HDL, like a small handful of other large private firms specializing in municipally contracted enforcement, are not subject to the same set of rules applied to typical collection agencies. Consumer protections from their tactics are quite weak. When similar entities are empowered by cities and counties to seek and apply broad stroke pressure on perceived infractions, potential abuse of power is significant. In the HDL business model, it “eats what it kills”. In extreme scenarios, folks with unpaid parking tickets could be threatened with arrest or tax liens, as in 2015 in Georgia when Linebarger Goggan Blair & Sampson, one of the nation’s largest government contract collectors, cracked down with a similar incentivized enforcement dragnet, ostensibly to support local public agencies.
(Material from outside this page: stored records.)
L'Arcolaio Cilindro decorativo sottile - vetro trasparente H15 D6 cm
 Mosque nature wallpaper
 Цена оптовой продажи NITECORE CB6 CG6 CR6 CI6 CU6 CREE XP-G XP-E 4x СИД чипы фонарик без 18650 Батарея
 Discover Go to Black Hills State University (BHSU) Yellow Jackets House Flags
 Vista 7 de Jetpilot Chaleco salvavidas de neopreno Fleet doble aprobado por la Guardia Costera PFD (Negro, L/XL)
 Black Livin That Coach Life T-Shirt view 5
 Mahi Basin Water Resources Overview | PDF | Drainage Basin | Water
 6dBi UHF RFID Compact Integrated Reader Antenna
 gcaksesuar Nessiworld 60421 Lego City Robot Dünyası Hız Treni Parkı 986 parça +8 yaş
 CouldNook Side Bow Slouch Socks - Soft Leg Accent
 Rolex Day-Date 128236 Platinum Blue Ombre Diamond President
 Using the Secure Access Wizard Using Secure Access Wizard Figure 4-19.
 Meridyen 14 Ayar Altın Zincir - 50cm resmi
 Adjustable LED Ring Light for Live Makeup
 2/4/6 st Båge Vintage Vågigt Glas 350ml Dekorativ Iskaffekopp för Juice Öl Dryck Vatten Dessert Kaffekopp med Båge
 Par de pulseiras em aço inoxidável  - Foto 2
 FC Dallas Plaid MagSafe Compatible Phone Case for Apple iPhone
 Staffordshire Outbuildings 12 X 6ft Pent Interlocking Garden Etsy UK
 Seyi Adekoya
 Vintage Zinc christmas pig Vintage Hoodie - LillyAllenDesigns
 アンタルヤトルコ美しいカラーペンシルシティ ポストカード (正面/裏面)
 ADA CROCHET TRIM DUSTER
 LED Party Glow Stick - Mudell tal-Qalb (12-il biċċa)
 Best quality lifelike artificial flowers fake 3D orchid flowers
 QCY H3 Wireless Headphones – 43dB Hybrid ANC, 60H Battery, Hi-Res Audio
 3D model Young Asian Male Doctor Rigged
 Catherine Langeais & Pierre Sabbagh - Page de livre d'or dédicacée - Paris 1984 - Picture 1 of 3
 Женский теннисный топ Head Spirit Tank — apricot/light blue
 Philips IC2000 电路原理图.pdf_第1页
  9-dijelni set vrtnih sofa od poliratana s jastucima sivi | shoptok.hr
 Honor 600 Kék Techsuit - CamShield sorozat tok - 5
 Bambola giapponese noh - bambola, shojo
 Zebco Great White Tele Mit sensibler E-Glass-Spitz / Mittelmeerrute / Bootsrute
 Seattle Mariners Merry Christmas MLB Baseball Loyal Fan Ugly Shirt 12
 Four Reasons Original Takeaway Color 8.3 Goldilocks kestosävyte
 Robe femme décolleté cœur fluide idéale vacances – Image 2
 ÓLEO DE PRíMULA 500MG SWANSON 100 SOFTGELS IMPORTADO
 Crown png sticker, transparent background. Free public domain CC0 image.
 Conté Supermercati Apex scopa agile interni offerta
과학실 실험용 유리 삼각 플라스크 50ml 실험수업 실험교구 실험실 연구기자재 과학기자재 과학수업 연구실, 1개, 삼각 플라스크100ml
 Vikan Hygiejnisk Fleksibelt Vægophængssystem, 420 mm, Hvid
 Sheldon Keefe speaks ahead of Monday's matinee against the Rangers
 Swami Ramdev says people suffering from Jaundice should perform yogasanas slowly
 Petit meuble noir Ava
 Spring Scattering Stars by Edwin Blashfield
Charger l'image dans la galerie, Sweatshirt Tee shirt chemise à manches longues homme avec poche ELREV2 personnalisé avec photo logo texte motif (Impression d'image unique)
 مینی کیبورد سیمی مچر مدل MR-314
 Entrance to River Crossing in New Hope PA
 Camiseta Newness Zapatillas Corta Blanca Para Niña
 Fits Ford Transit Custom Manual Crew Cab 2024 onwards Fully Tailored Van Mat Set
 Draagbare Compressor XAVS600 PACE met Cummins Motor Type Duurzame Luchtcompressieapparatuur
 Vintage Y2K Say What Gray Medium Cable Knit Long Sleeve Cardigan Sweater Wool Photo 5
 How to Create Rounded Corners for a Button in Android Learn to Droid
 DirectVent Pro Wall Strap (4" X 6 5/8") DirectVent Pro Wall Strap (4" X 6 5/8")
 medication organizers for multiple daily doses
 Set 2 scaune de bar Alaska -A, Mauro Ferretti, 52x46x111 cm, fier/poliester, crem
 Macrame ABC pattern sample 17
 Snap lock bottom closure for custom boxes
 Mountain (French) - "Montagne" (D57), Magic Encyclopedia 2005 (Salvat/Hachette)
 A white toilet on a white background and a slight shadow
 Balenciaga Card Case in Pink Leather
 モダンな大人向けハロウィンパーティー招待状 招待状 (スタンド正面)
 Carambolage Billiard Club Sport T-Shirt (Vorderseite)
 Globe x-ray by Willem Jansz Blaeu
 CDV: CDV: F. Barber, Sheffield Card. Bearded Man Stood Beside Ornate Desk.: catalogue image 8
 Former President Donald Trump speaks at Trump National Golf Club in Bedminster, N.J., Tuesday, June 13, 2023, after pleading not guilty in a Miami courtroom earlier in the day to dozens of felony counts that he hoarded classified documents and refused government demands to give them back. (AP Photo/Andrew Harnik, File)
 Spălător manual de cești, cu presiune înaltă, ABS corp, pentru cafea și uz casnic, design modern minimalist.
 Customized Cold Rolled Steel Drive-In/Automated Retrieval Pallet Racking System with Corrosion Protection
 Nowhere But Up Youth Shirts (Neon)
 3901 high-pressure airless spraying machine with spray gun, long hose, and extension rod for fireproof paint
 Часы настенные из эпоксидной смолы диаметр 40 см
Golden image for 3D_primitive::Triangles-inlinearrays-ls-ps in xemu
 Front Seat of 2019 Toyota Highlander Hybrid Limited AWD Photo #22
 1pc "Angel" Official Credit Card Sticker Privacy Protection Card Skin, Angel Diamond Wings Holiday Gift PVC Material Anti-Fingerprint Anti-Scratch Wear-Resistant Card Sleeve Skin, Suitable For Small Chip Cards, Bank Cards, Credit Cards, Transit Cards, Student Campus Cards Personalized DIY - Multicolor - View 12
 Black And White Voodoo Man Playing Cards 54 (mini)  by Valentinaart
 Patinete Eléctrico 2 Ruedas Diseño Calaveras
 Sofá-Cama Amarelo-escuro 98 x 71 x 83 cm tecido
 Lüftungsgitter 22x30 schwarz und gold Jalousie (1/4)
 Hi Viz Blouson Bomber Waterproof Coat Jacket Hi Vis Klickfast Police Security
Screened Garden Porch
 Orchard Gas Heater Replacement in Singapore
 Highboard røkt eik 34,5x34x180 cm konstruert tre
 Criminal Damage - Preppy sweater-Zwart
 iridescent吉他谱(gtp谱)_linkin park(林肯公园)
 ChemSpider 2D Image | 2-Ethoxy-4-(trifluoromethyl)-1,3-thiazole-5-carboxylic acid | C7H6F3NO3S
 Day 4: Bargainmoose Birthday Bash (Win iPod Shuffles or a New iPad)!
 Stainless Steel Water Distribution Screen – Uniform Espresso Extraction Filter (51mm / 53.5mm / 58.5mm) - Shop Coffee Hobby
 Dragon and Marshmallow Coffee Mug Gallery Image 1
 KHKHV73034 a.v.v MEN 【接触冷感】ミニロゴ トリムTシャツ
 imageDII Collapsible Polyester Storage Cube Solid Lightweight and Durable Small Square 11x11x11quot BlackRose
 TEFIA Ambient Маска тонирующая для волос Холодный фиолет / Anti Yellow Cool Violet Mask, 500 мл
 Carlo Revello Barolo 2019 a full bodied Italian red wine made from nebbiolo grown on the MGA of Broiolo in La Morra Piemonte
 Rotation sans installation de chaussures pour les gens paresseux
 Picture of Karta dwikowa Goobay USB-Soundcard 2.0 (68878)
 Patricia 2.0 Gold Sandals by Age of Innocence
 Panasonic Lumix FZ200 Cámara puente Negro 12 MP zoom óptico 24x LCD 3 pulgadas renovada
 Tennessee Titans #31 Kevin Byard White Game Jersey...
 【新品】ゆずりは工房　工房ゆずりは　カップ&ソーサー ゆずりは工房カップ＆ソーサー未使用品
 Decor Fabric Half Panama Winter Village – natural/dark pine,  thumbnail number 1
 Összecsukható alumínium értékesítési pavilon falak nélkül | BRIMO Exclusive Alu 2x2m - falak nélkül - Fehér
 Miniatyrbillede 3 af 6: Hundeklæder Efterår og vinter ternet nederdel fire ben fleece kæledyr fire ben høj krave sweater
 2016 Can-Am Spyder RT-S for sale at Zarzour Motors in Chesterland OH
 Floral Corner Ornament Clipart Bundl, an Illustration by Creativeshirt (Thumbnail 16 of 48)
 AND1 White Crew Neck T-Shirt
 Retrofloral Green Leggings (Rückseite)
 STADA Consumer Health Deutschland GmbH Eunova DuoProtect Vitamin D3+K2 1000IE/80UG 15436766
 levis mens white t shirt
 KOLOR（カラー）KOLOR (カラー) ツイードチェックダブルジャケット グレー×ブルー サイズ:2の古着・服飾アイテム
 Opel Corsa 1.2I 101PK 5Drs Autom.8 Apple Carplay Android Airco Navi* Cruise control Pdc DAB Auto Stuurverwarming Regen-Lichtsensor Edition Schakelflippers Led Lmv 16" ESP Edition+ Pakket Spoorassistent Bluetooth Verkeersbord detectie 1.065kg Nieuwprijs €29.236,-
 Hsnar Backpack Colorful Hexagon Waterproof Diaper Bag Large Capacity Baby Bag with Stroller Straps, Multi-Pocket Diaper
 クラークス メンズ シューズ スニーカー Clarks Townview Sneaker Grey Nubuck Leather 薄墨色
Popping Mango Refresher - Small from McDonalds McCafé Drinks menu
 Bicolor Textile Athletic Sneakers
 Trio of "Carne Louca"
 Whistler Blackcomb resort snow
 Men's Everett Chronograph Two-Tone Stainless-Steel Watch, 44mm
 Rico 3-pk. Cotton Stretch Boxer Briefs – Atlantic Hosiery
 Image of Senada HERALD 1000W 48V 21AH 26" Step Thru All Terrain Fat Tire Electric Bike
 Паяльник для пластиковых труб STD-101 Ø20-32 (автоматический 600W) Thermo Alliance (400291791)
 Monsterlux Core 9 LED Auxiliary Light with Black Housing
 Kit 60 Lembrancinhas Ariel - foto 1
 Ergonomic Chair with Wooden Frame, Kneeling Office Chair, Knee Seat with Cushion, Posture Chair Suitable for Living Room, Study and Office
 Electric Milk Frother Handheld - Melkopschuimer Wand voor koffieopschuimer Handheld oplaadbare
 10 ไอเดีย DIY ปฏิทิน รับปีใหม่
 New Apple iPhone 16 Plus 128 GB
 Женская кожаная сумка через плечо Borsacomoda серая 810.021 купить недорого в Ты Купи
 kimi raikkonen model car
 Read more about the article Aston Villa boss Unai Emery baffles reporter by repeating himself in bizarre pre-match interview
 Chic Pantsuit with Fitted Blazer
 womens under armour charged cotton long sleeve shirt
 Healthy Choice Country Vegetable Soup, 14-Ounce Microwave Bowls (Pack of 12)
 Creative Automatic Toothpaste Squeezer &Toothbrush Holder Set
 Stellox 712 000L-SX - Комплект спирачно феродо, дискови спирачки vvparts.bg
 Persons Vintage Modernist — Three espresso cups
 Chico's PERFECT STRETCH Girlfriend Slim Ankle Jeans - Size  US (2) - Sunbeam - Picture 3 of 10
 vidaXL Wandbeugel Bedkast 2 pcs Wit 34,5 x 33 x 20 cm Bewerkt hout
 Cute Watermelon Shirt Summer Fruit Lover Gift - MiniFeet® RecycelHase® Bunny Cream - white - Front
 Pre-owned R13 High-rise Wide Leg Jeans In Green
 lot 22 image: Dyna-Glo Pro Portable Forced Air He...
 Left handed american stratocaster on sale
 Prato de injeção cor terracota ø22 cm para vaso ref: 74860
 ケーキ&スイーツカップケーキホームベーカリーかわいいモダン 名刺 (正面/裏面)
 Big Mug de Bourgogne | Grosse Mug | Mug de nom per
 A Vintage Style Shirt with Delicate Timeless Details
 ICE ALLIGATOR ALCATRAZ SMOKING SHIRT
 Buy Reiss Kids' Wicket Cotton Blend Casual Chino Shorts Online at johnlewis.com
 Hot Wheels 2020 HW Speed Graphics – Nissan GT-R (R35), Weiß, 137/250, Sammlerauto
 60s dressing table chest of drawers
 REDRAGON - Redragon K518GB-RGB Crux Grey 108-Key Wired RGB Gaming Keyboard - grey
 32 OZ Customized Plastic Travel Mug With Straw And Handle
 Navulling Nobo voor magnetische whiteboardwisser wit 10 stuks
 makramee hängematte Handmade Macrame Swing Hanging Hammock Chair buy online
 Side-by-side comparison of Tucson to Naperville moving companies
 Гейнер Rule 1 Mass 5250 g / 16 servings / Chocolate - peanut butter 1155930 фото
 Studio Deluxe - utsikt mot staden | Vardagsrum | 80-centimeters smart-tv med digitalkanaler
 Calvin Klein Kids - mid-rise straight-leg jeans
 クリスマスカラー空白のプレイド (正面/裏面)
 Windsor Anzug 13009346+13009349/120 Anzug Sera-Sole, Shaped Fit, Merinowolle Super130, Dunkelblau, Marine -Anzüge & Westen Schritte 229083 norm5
My own eye-opening experience was getting hit with a maximum enforceable fine based on mishandled permit renewal scheduling and verification. The penalty might not seem draconian at first glance, especially if we had been grossly non-compliant with critical obligations. However, following a year and a half of coordinated tax, nightly surcharge, and fire safety compliance for vacation rental activity in our one-bedroom condo, it simply became too exhausting to battle with the county over inconsistent permit issuance dates. Long hours spent in communication with our equally frustrated local management company had proven futile. They, along with the rest of legitimate small businesses facilitating and serving an estimated 60% local tourism related employment base, have been forced to deal with retroactively imposed nightly surcharges and countless county errors in posting Transient Occupancy Taxes (TOT) across multiple client properties. Given this intractable headache, we chose to pay a maximum enforceable fine of $5050 under vigorous, vetted, and largely unrecognized protest.

Nevada Senate Bill 322, introduced in March of this year, seeks remedies ensuring counties won’t overreach and protects homeowners with scant resources to fight off hired guns like HDL Consistency would be maintained through the state Department of Taxation.

Douglas County’s arrangement with HDL is about a year old. Should it evolve, public scrutiny for potential conflicts of interest, property owner class action suits, disproportionate penalties, and denial of citizen recourse must be demanded. Responsible local government should not be jobbed out. The county’s so-called “education” program and a newly reconstituted 5-person citizen advisory group may have marginal impact, but there is every reason for skepticism based on the county’s track record and their misguided contracting practices.

Jeff Fekete is a teacher and former broadcast media professional who maintains a home in Sacramento, Calif., and Stateline, Nev.